This book feeds the popular misconception that robots are smart and getting smarter. I have a brother-in-law that was asking me about my work and how I'd done some simple AI design for computer board games for fun a long time ago. He made the comment, "I bet all that is coming in handy in your current job". I had to tell him that no, creating strategy-based behaviors for Risk has almost zero relevance to modern robotics -- we're nowhere close to a strategic level of thinking. As an industry, we're still at the level of getting a robot to move from point A to point B consistently and without running into anything. The videos on YouTube posted by researchers show some incredible things, but research is almost always 10-15 years ahead of a solid, marketable solution (toy problems in the lab are comparatively easy, real-world complexity is HARD).
The reality is this: Most mobile robots in theater right now are glorified remote control cars, operated by soldiers less than a few hundred meters away via cameras mounted on the robots. Singer talks a great deal about the Foster-Miller Talon and iRobot Packbot, because they are far and away the most common and prominent platforms in theater. However, the examples of autonomy he gives never deal with those platforms. Why?
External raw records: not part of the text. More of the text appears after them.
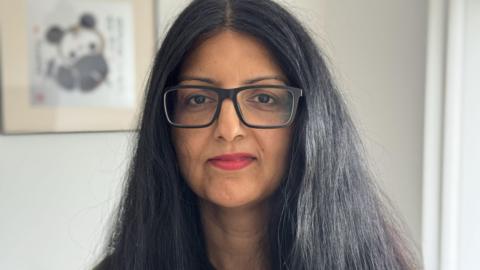 A head shot of a woman with long black hair, red lipstick and black square-rimmed glasses.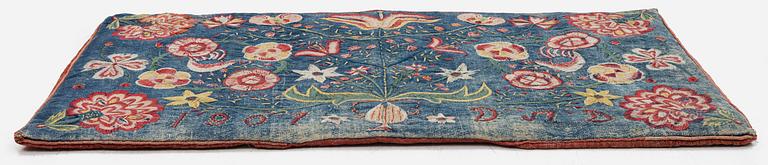 A flat weave carrige cushion, c. 99 x 54 cm, Wemmenhög district, Scania, Sweden, signed and dated DAD 1807.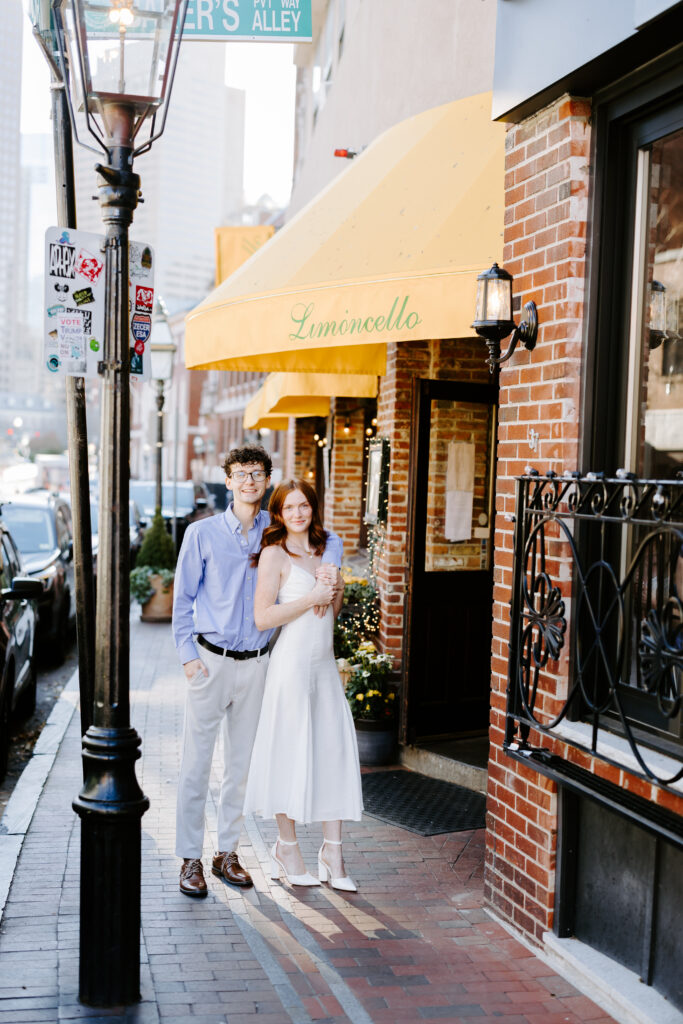 Couple smiles at camera on the street of boston for engagement shoot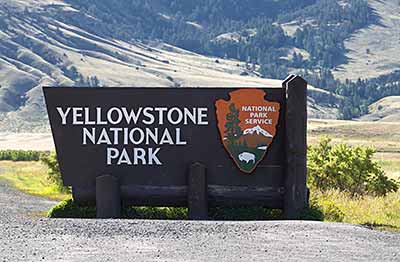 Holzschild mit der Aufschrift „Yellowstone-Nationalpark“ am Eingang des Parks, mit einer Berglandschaft im Hintergrund.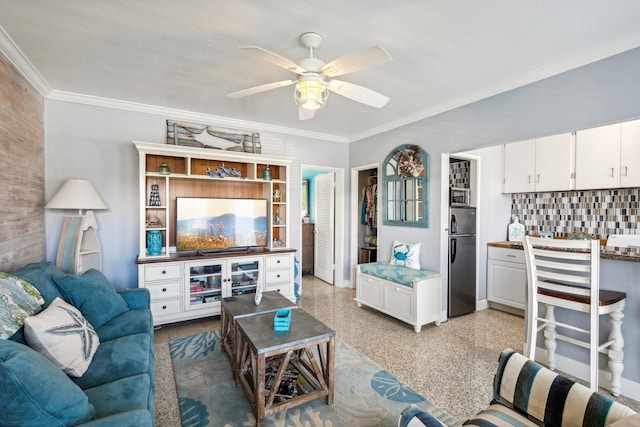 living room with ceiling fan, crown molding, and wood walls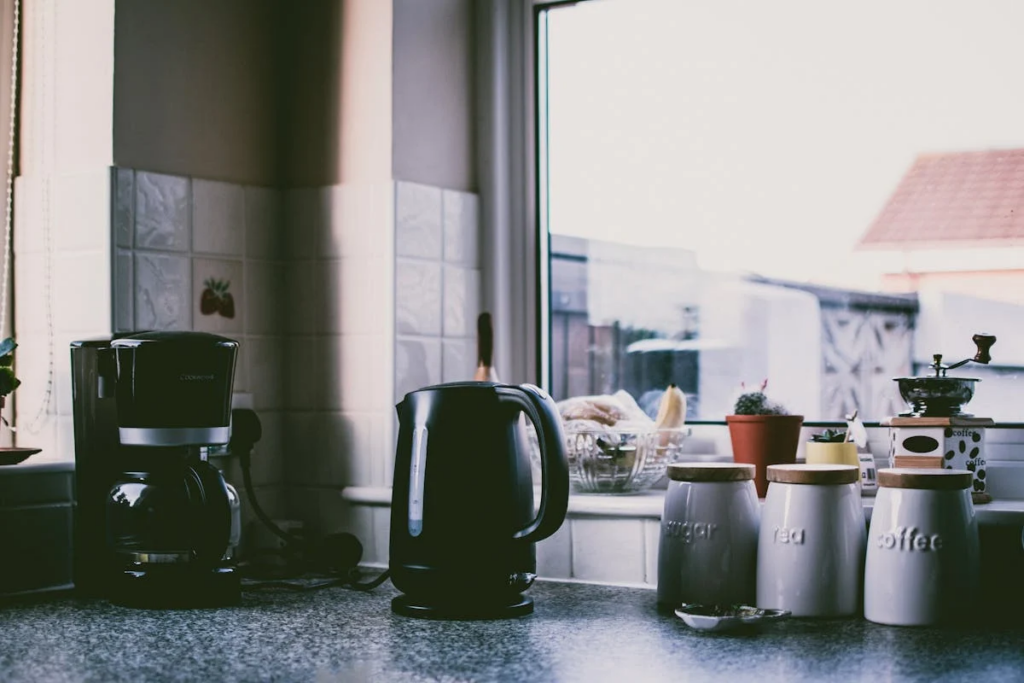 A kitchen counter featuring a coffee maker, pots, pans, and a window, serving as a coffee and tea station.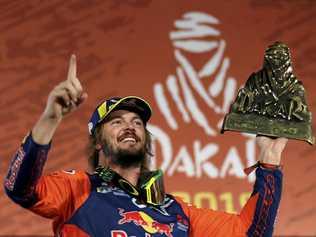 MAKE THAT TWO: Toby Price won his second Dakar Rally winner's trophy in Lima, Peru on Thursday, January 17. Picture: Martin Mejia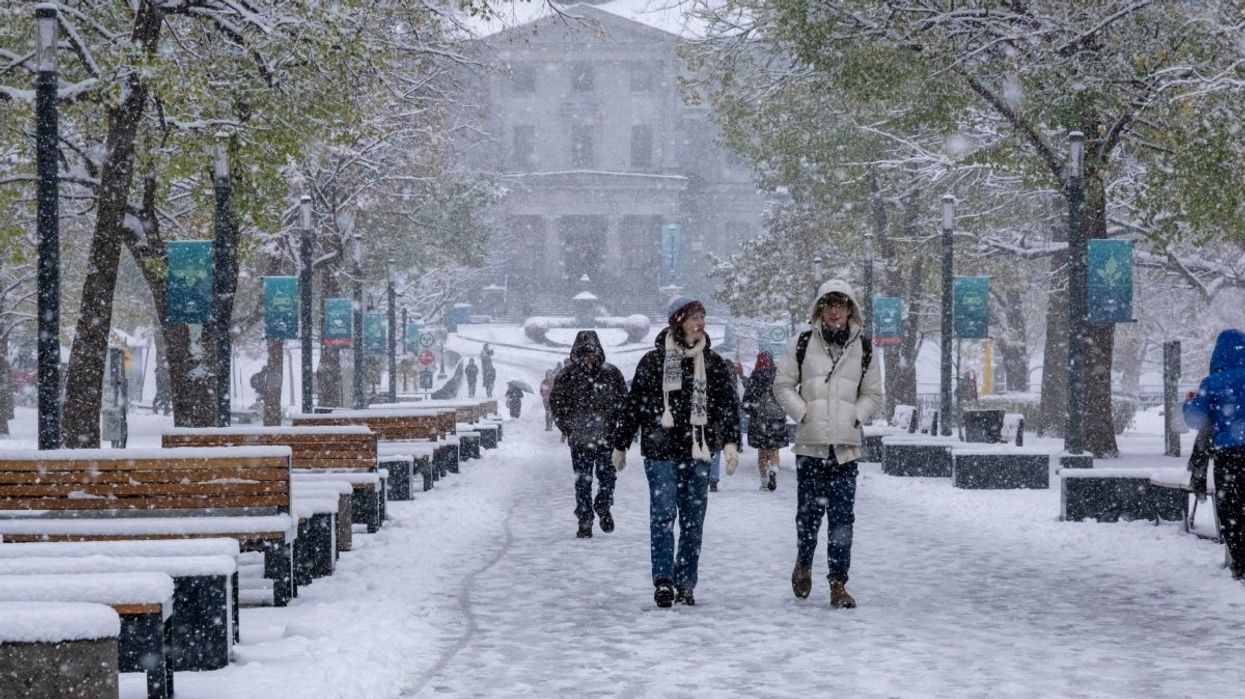A number of McGill University students walking away from the school campus during the wintertime.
Because they have almost no autonomy for the units in the field.
Autonomy for mobile robotics is HARD. Very hard. Singer glosses over this fact by talking about the "inevitable" Singularity that is supposed to happen somewhere around 2030. Basically, the premise is that robots are not smart because they can't think fast enough to process all of the data. This is wildly inaccurate. Mobile robots are not smart because humans have not managed to impart intelligent decision-making to them. It's not like the robotics field is bemoaning the slowness of today's processors as a reason for autonomy failings. "Oh it WOULD have worked if only I had 10x the computational power..."
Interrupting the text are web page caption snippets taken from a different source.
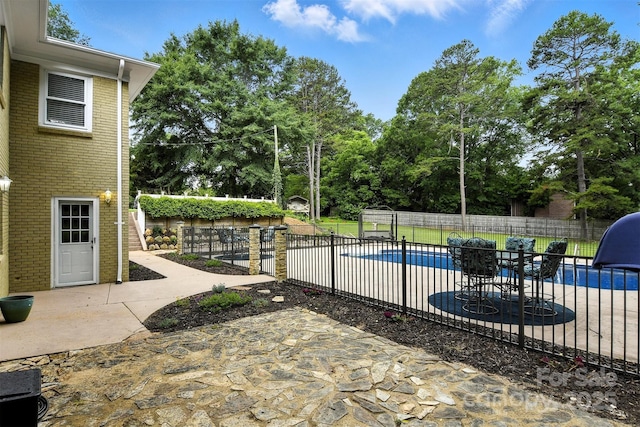 3127 N Center St, Hickory, NC 28601 - view of pool featuring a patio and view of scattered trees
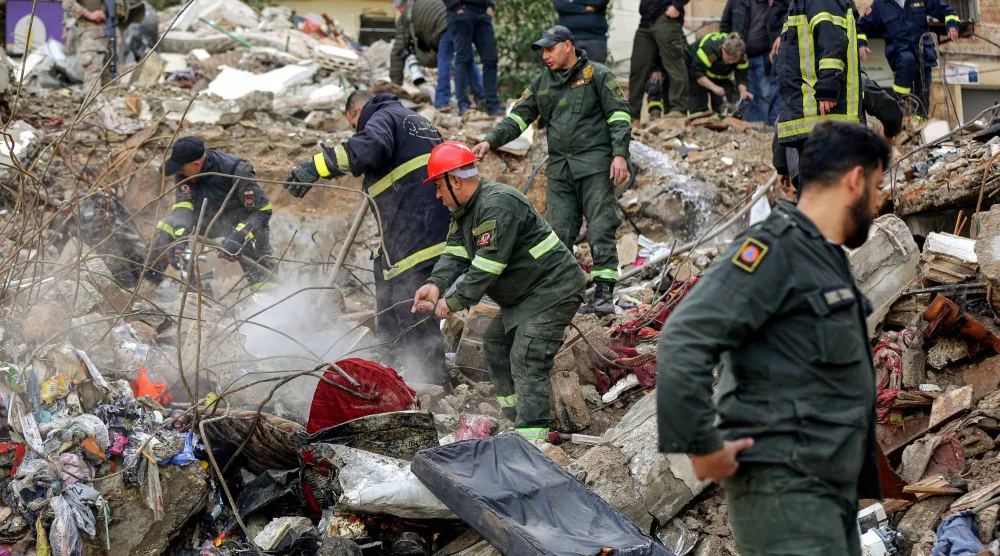 عناصر من الدفاع المدني يرفعون الأنقاض لإنقاذ العالقين تحت مبنيين انهارا في طرابلس شمال لبنان (د.ب.أ)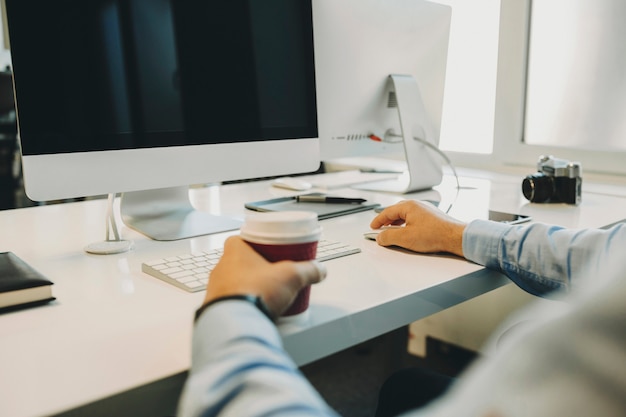 Snijd man met kopje koffie en zittend op de moderne computer op kantoor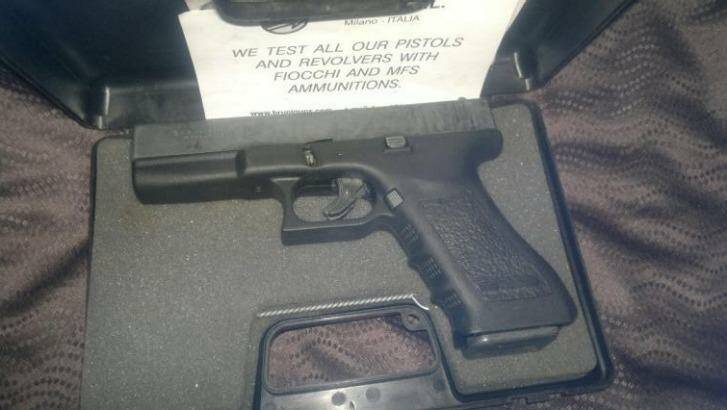 A semi-automatic pistol found in a raid at Kurwongbah. Photo: Supplied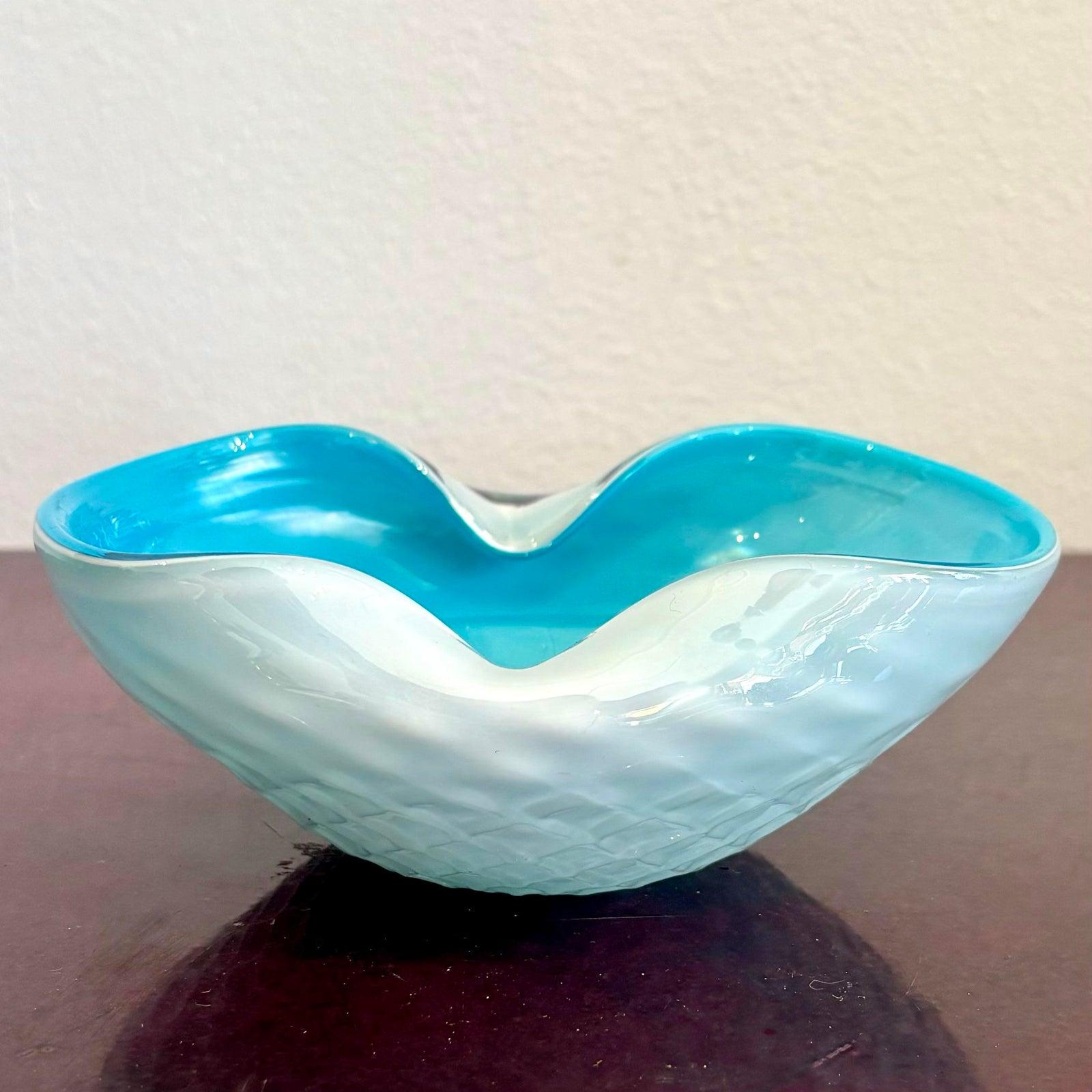 Ce bol en verre d'art soufflé à la main est une étude ludique des contrastes et des flux. Avec son extérieur blanc glacé et son intérieur aqua vif, cette pièce évoque la sérénité côtière, comme la mousse de mer embrassant un lagon turquoise. Le bord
Also the chapter on the "Singularity" bothered me because it shows a distinct lack of understanding of the current state of the art. Computers are not getting faster at the moment. Processor speeds have flat-lined at about 3.0 GHz for the past several years because any faster and heat dissipation becomes an intractable problem. Even the speed of super-computers is capping out for the same reasons (a little more complex -- heat dissipation is easier if processors are spread out, but higher speed requires physical closeness because of the time needed for current to travel. So high-speed computers need to be compact for speed, but spacious for heat dissipation...). New computers today are coming out with more cores, so computers technically have more raw computing power (though even this has near-term limitations that prevent us from the Singularity) but computers are awful at taking advantage of parallelism. Singer points out that our brains are massively parallel, and this is why we have an edge on computers. This is true, but even is we had a computer with the same amount of parallelism, we couldn't take advantage of it. Someone has to program the thing, and no algorithms exist that mimic the behavior of the human brain (contrary to the picture that tech bloggers paint). The fact of the matter is, we don't know how the human brains works. Singer's main argument here is pointing to the trend: compare what computers can do today with what they could do 30 years ago. The flaw is in assuming that the same trend will continue. Extrapolation is notoriously bad, even though it seems to have such predictive power. The reason for such growth can be explained by us tackling the "low-hanging fruit" as far as computers go, and we're fast approaching an era of more incremental improvement as the "easy" problems are solved. Futuristic technologies such as alternative processor architectures, Quantum computing, optical computing, etc. are nowhere near workable. But even if we had a full-fledged Quantum computer right now, we really wouldn't know what to do with it. The software algorithms don't exist for it, and many of those that do don't provide dramatic improvement over what we have today.
The most valuable part of the book (and the only reason it didn't get 1 star) was the first few chapters describing a historical view of robotics as an industry.